生活保護 面談にカメラ 「市職員の安全確保」「プライバシー侵害」 福岡市 7区役所個室に設置

西日本新聞 一面

天井に防犯カメラが取り付けられた面接室=3日、福岡市博多区の博多区役所 拡大

天井に防犯カメラが取り付けられた面接室=3日、福岡市博多区の博多区役所

 福岡市が生活保護の申請や相談を受け付ける全7区役所の面接室に、4月から防犯カメラを設置し、面談状況を動画で撮影している。市は一部の相談者から威圧的な言動をされたとして、犯罪防止や職員の安全確保を理由に挙げるが、市民が厳しい生活状況を説明する個室の録画は「萎縮につながる」「人権侵害」と指摘する声もある。危険回避とプライバシー保護の折り合いをどうつけるか。識者は十分な配慮を求めている。

 市によると、カメラは各区役所の保護課にある面接室の天井に取り付け、トラブル発生時など、課長が必要と認めた場合に撮影する。一つの課に1台を目安とし、現在は計10台を設置。録音はしない。壁に「防犯カメラ設置」と表示し、本人の同意を得なくても撮ることができる運用にしている。これまで東区役所で5件を撮影したという。

 録画装置は課内に置き、画像は7日間保存した後に上書きする形で消去する。

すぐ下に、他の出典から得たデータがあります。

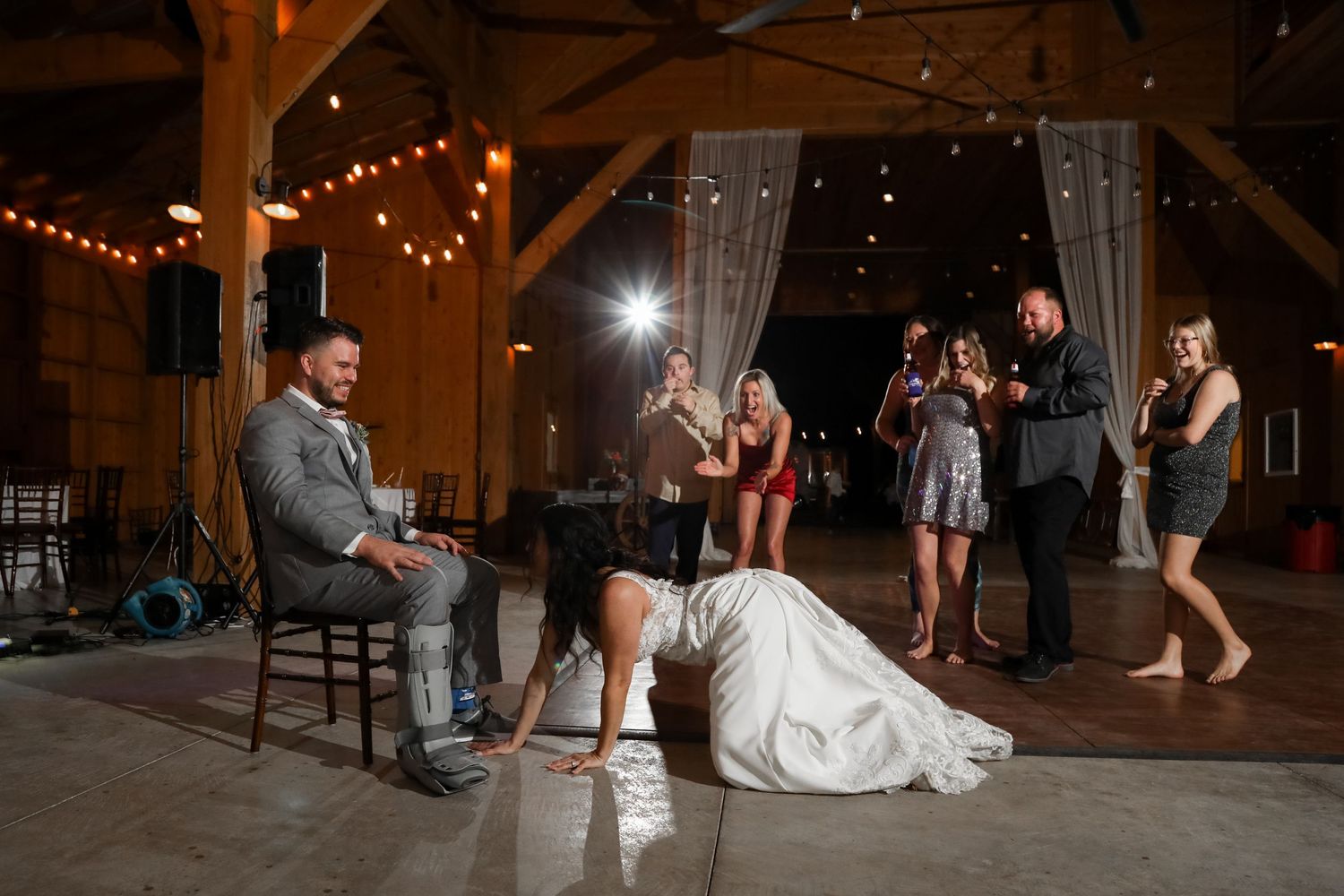 A wedding reception scene in a rustic barn venue with string lights and flowing curtains.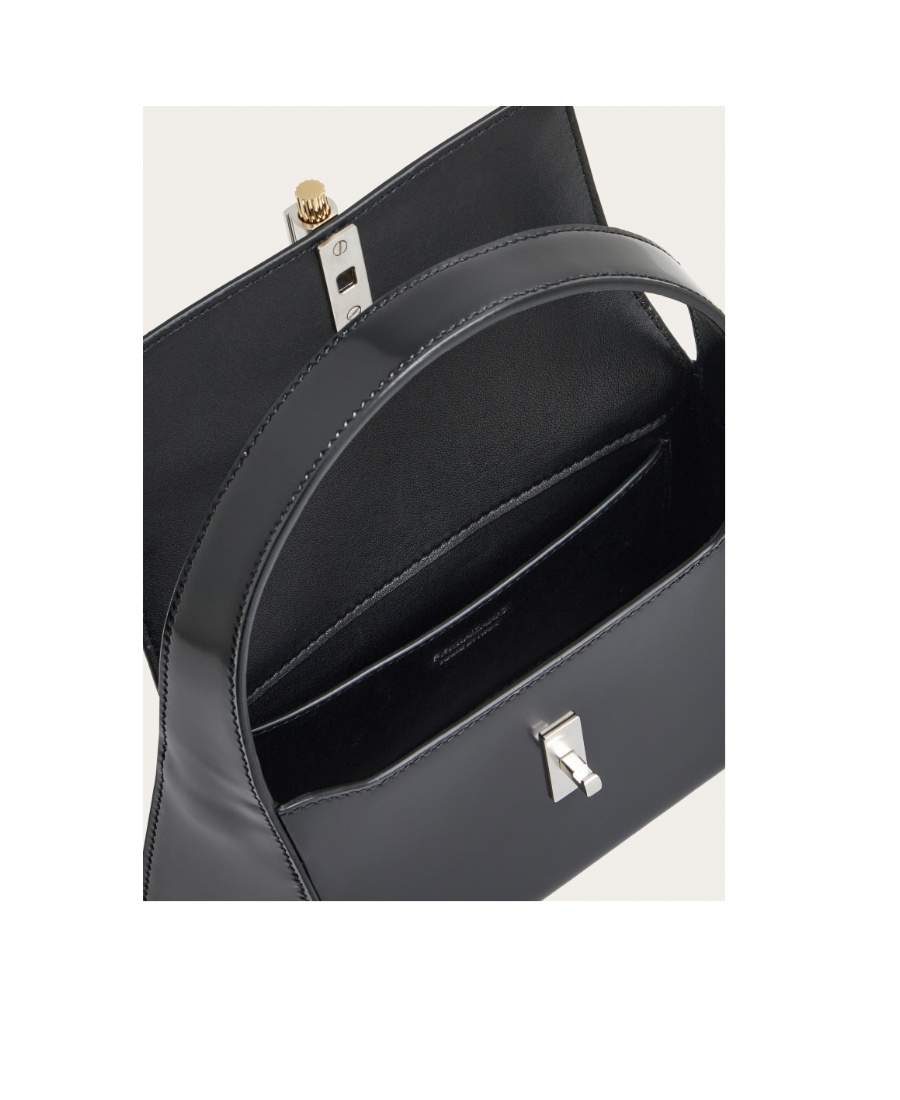 Shop Ferragamo Flip Shoulder Bag In Black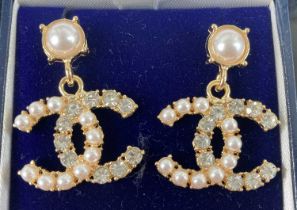 After Coco Chanel pair of gilt metal and paste set ear pendants
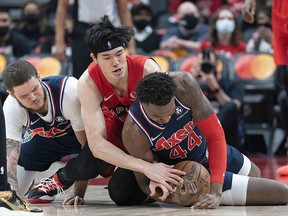 Toronto Raptors forward Yuta Watanabe (18) battles for the ball with Philadelphia 76ers forward Paul Reed (44)) at Scotiabank Arena.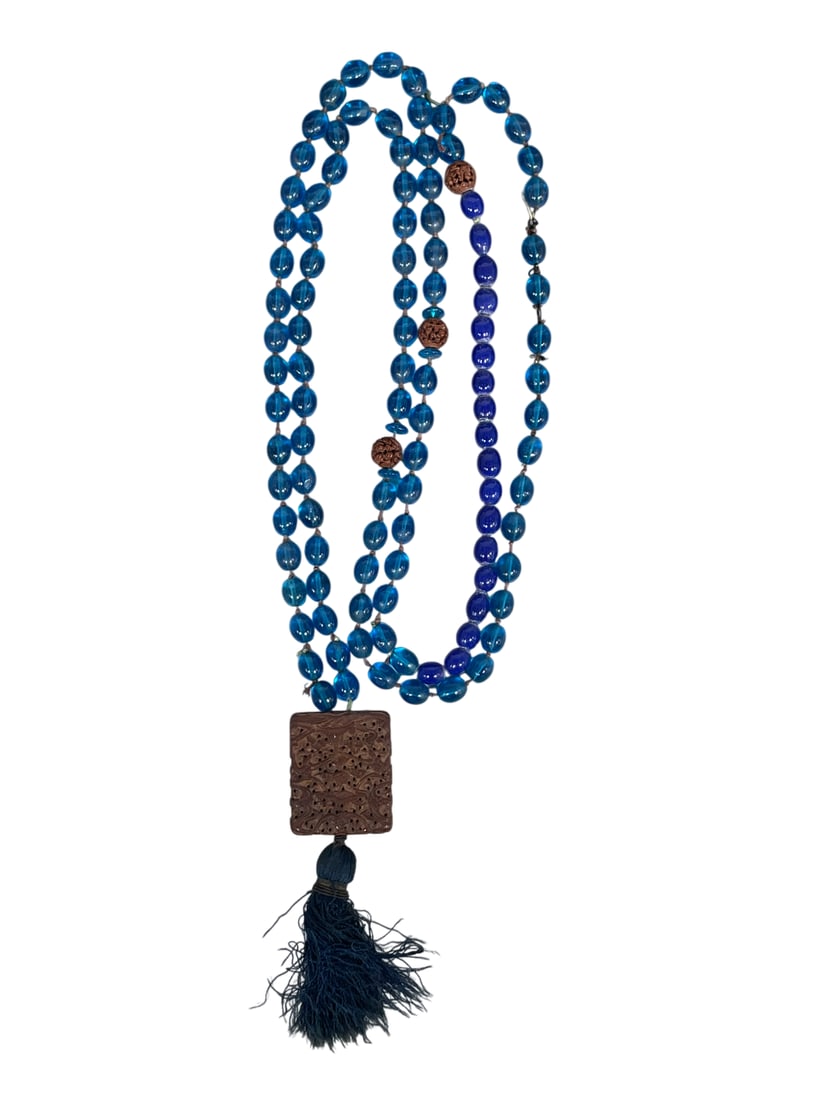 A Chinese Carved Agarwood Plaque: Attached to a string of glass beads together as a necklace. The plaque measures 1.7/8 in. long, 1.1/2 in. wide.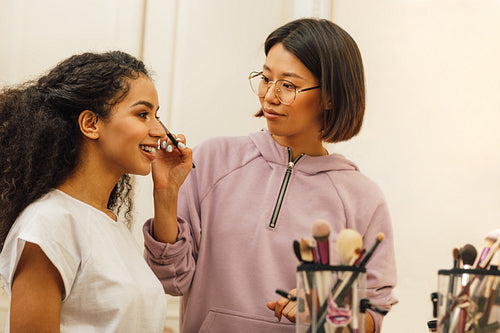 Makeup artist applying makeover on a model face in dressing room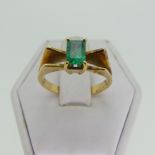 A small emerald Ring, the emerald cut stone 5.9mm long, four claw set in a modernist 18ct gold shank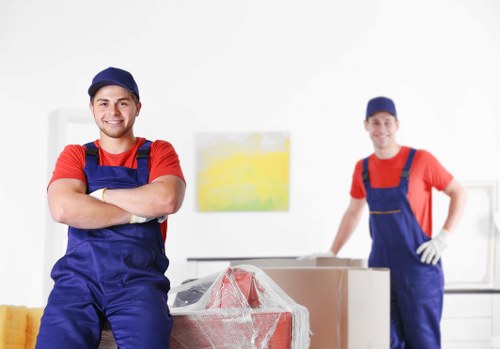 Team reviewing ethical labour compliance in a removals company setting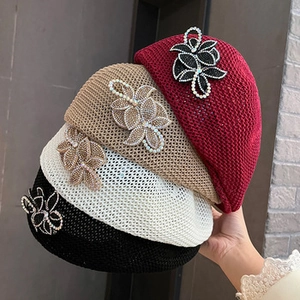Close-up of knit beret with mesh texture and sparkling rhinestone flower accents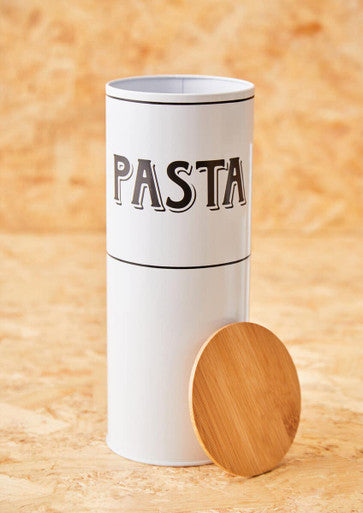 White pasta storage container with wooden lid on a wooden surface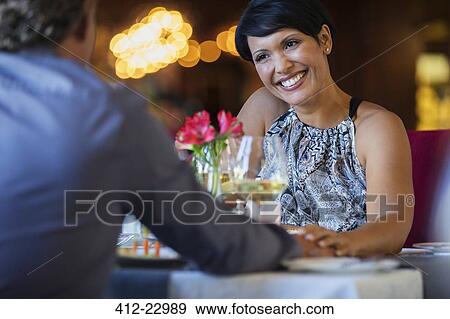 Mature couple holding hands at restaurant table View Large Photo Image Stock Photo - Mature couple holding hands at restaurant table. Fotosearch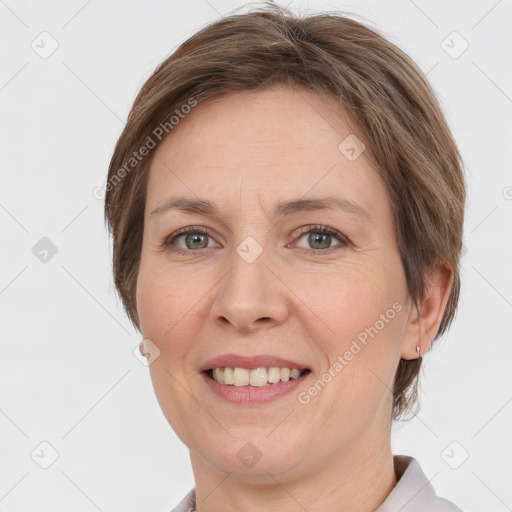 Joyful white adult female with short  brown hair and grey eyes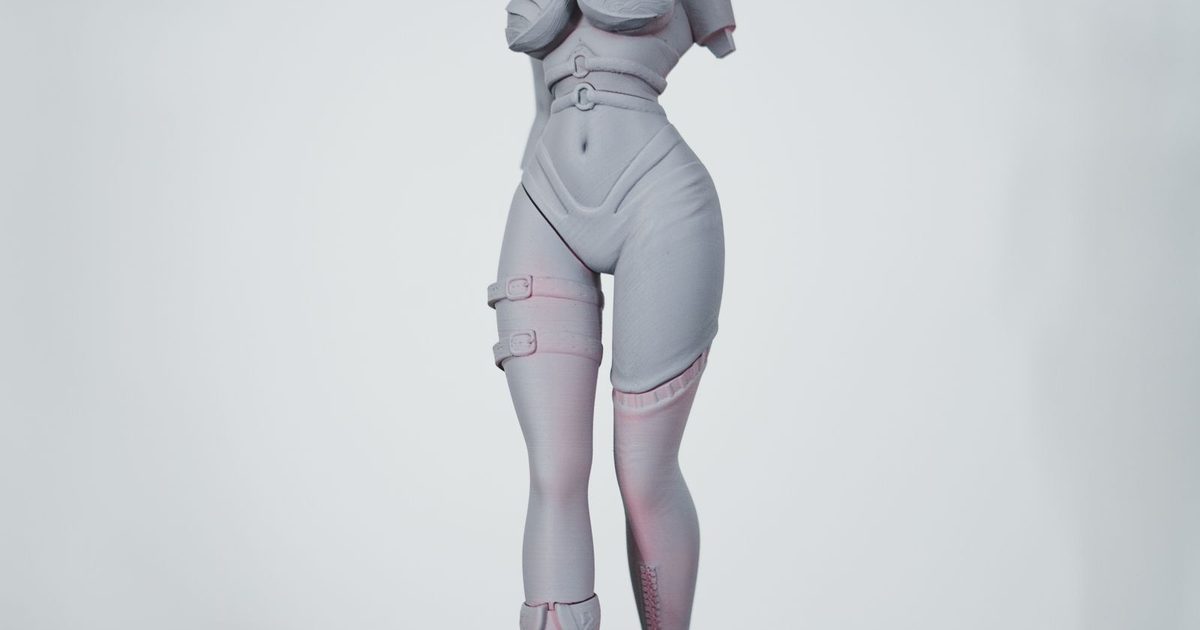 A posed 3D character figurine on a plain background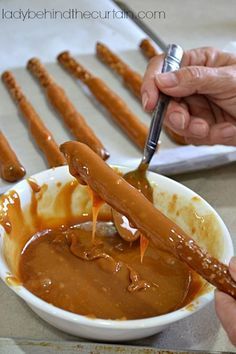 a person dipping some kind of sauce in a bowl with pretzels on the side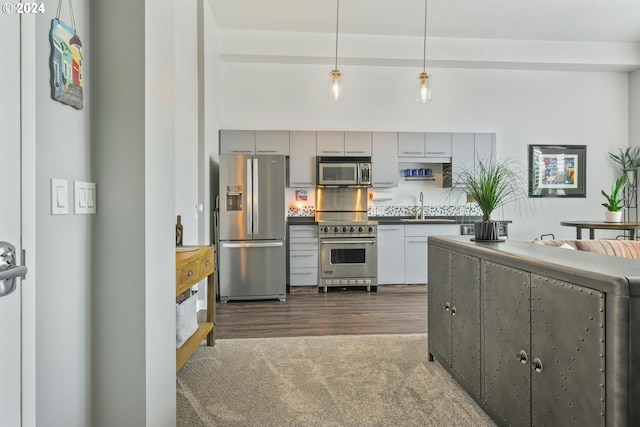 kitchen featuring tasteful backsplash, pendant lighting, sink, appliances with stainless steel finishes, and dark carpet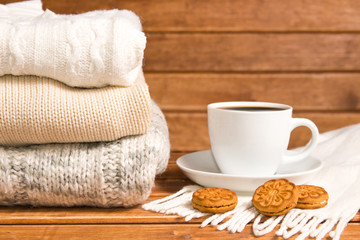 Stack of cozy knitted warm sweater , wooden background . Sweaters in retro Style and a Cup of hot chocolate. The concept of warmth and comfort.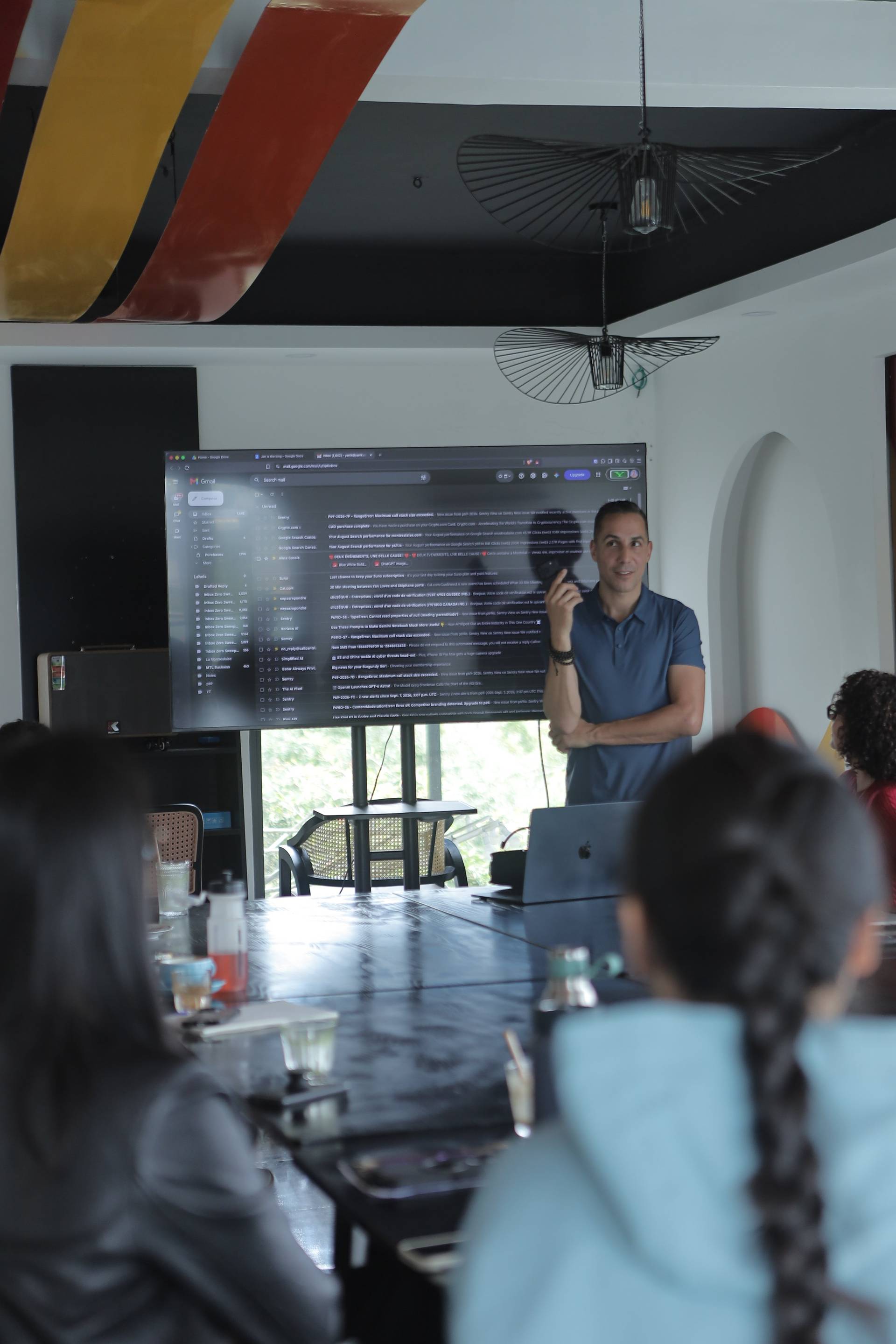 A professional meeting in a modern office space with attendees focused on a presentation displayed on a large screen.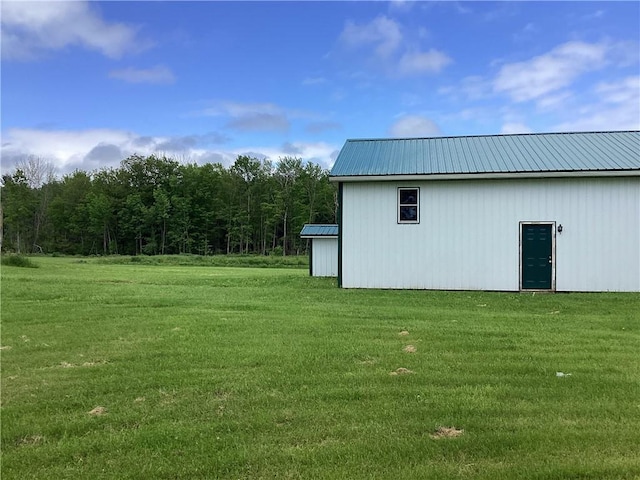 117 Wrench Ln, Coventry, NY 13733 - view of green lawn with an outdoor structure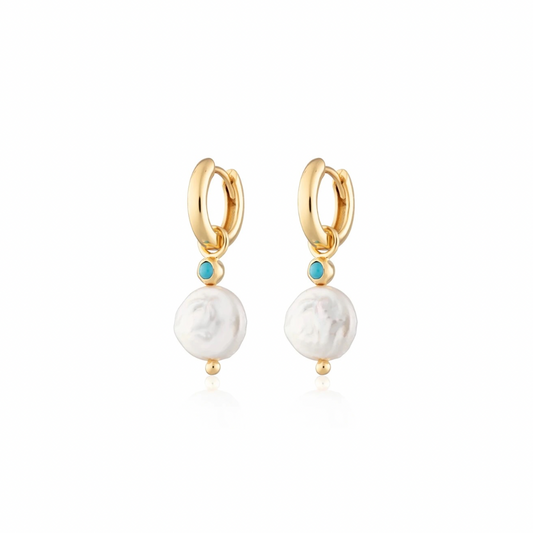 Baby Blue Pearl Hoops are gracefully designed earrings with small hoops, showcasing a charming baby blue color. The hoops are adorned with lustrous pearls, adding a touch of elegance to this delightful accessory. Perfect for both casual and formal occasions, these earrings effortlessly combine sophistication with a subtle pop of color.

Material: 925 Sterling Silver + gold plated 18K

Measurments: 5.3 x 21.3mm

 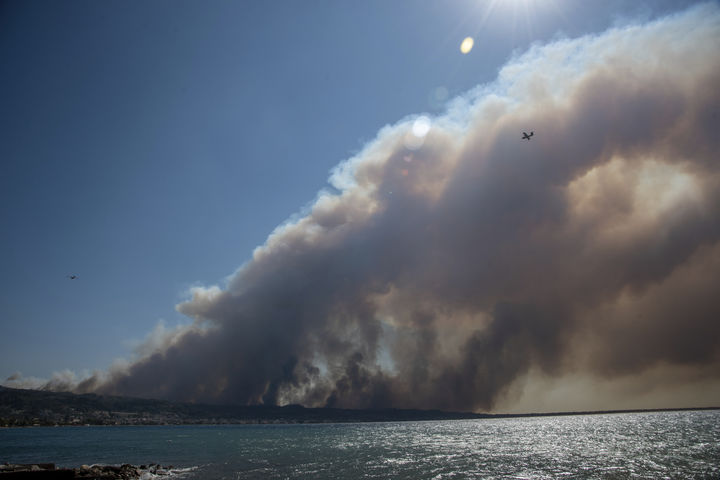 [파트라=AP/뉴시스] 12일(현지 시간) 그리스 서부 파트라 인근 카토 아하이아 마을 상공에 산불 연기가 뒤덮인 가운데 소방 항공기 한 대가 비행하고 있다. 2025.08.13.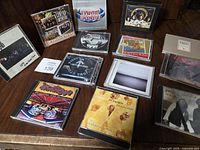 Photo showing a collection of classic rock music CDs from bands such as Lynyrd Skynyrd, Eagles, Led Zeppelin, 38 Special, and Cowboy Junkies on a wooden table.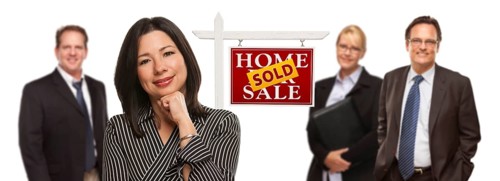 Pretty hispanic woman and other people behind in front of sold home for sale real estate sign isolated on a white background
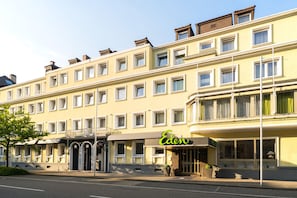 A multi-story hotel with a yellow facade, large windows, and a green sign for the Eden hotel. - Arthotel ANA Eden Karlsruhe, Trademark Collection by Wyndham (Karlsruhe)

警察から画像提供を求められた場合は、必要最小限で可否を検討するという。

 過去に職員が面接室で暴力を振るわれたり、刃物を見せられたりし、不当要求とみられる事例があったため、設置を決めた。運用ルールは要領で定め、市議会の可決が必要な条例は制定していない。市保護課は「面接室全てには設置せず、撮影も必要な時しかしない。申請権の侵害には当たらず、プライバシーも保護しており、条例制定は必要ないと考えた」と説明した。

 カメラ設置に対し、市民団体などから批判が寄せられ、市は過去の事例を確認。職員が威圧的な言動をされたケースは、2015年度から今年9月までに約20件あった。このうち8件は、相談者が公務執行妨害などの疑いで警察に逮捕されたという。

 厚生労働省によると、生活保護の窓口や面接室へのカメラ設置は「自治体の庁舎管理の問題」として全国状況は把握していない。運用ルールはなく、是非も判断していないという。

■乱暴で過剰な警備

 花園大・吉永純教授(公的扶助論) 市民は困窮に陥るなどして相談しているのに、犯罪や不当要求の予備軍と見ているようで乱暴だ。福岡市は無制限に撮影せず一定の配慮をしているが、ごく例外的なトラブルのため設置するのはプライバシー保護の面でも過剰な警備。犯罪の証拠を残すため警察が設置を勧めることもあるようだが、対応は防犯ベルで十分だろう。

■撮影根拠に条例必要

 鹿児島大・宇那木正寛教授(行政法) 最高裁判例は、個人は誰でも同意なしに容貌を撮影されない自由があるとしており、今回の対応はプライバシーや肖像権の制限に当たる。地方自治法は市民の権利を制限する際は条例を制定するよう定めており、撮影には根拠として条例が必要だ。どんな場合にどこまで撮影するかを議会に諮り、民主的に合意を得るべきだ。